Right on. This plant is to be treasured.


----------



## Kavanaru (Oct 18, 2010)

PaphMadMan said:


> I think it has a well-deserved reputation for low germination, slow growth, reluctant flowering and mediocre flowers. Dot seems to have a high-performance clone, and she has obviously perfected its culture.



Thanks!


----------



## Mrs. Paph (Oct 22, 2010)

Lovely Flowers and Killer Photography!


----------



## Lanmark (Oct 23, 2010)

Wowser! :drool: Those are some fantastic shots of some fantastic flowers! Great job in every way, Dot! :clap:


----------



## SlipperFan (Oct 23, 2010)

I just got word that Vipanii was awarded an AM of 85 points at the Michiana show this weekend. Plus it got best of show!!!

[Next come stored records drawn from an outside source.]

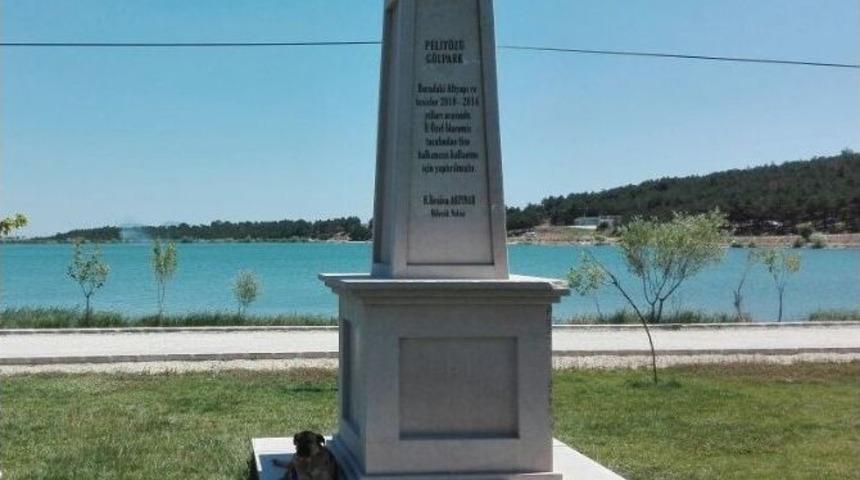 Eski Bilecik Valisi Adına Dikilen Anıt Yerinden S&ouml;k&uuml;ld&uuml;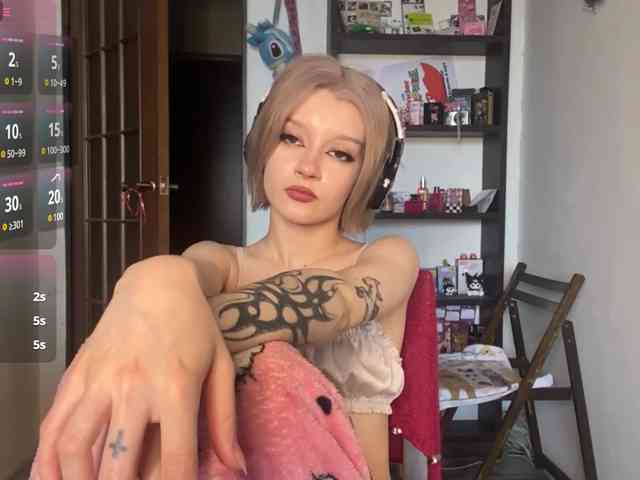 BrigidaTapscott webcam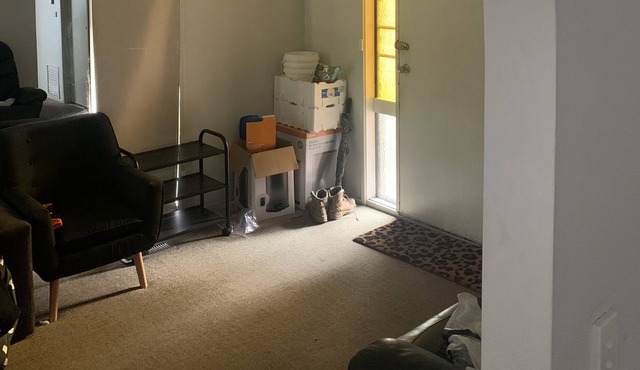 2 Studio bedroom in Narre Warren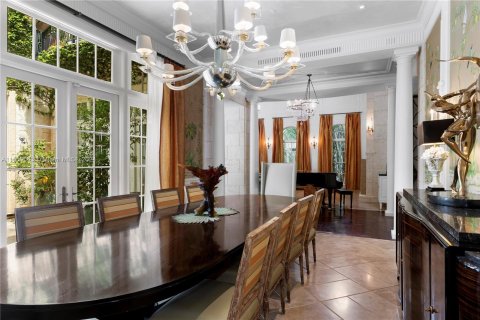 Villa ou maison à vendre à Fisher Island, Floride: 6 chambres, 873.56 m2 № 1345564 - photo 8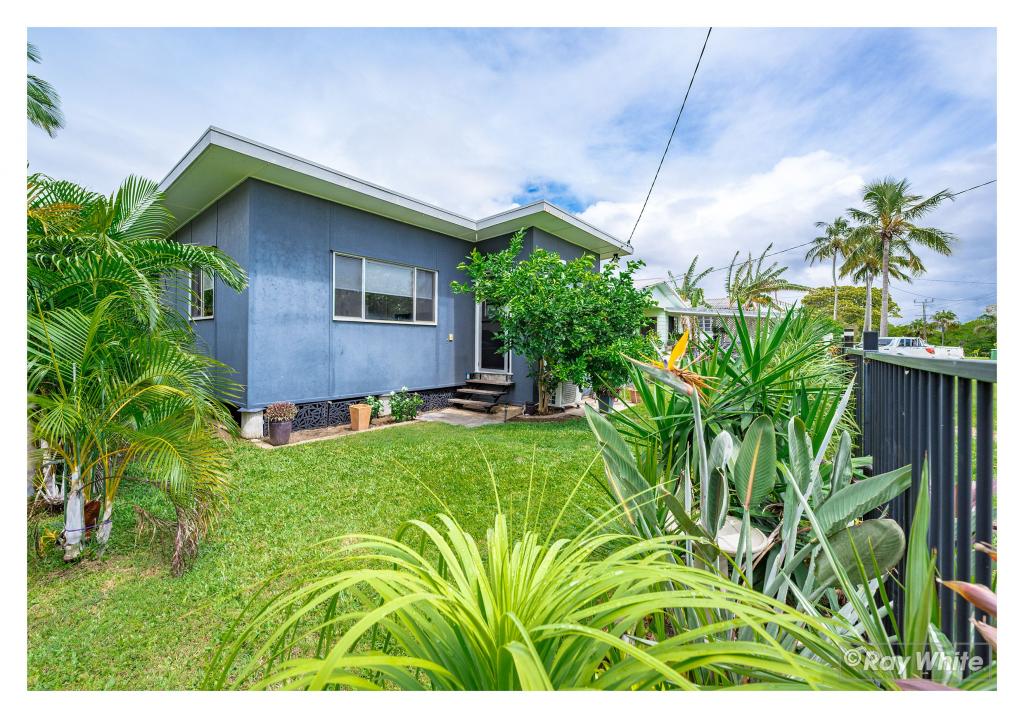 8 Meadow St, Keppel Sands, QLD 4702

John, your guess was very close!


----------



## SlipperKing (Oct 23, 2010)

CONGRATS DOT!


----------



## emydura (Oct 23, 2010)

That is fantastic Dot. Congratulations. Well deserved.

David


----------



## wojtek (Oct 23, 2010)

i'm happy with your luck :clap:


----------



## PaphMadMan (Oct 23, 2010)

SlipperFan said:


> I just got word that Vipanii was awarded an AM of 85 points at the Michiana show this weekend. Plus it got best of show!!!
> 
> John, your guess was very close!



Congratulations. I certainly had no doubt that it should.


----------



## John M (Oct 23, 2010)

Holy cow! Congratulations Dot!!! I knew it was very, very good! On one hand, I want to say I can't believe how close I was....and on the other hand, I did think it was that good! 

....And you got best of Show as well?.....wonderful!!!


----------



## Wendy (Oct 23, 2010)

Congratulations Dot! That is one stunning, well grown paph. :clap:


----------



## Ernie (Oct 23, 2010)

Super deserved! Congrats Dot!


----------



## paphioboy (Oct 23, 2010)

Congrats...! That award is testament to your great growing and blooming skills....


----------



## Paph_LdyMacBeth (Oct 23, 2010)

OH FANTASTIC NEWS!!
You must be so proud.
I am envious.


----------



## chrismende (Oct 24, 2010)

Congratulations - well deserved!


----------



## Kavanaru (Oct 24, 2010)

wow! Congrats!! well deserved!


----------



## goldenrose (Oct 24, 2010)

:clap: :drool::drool: FANTASTIC!! Congrats! I'm so happy for you! :drool::drool::clap:


----------



## SlipperFan (Oct 24, 2010)

Thanks, everyone!


----------



## Bob in Albany N.Y. (Oct 24, 2010)

Dot, congratulations on your award. Remember a good plant is only half of it. You need a good grower to get that plant to show it's full potential.


----------



## NYEric (Oct 26, 2010)

Hey, congratulations!


----------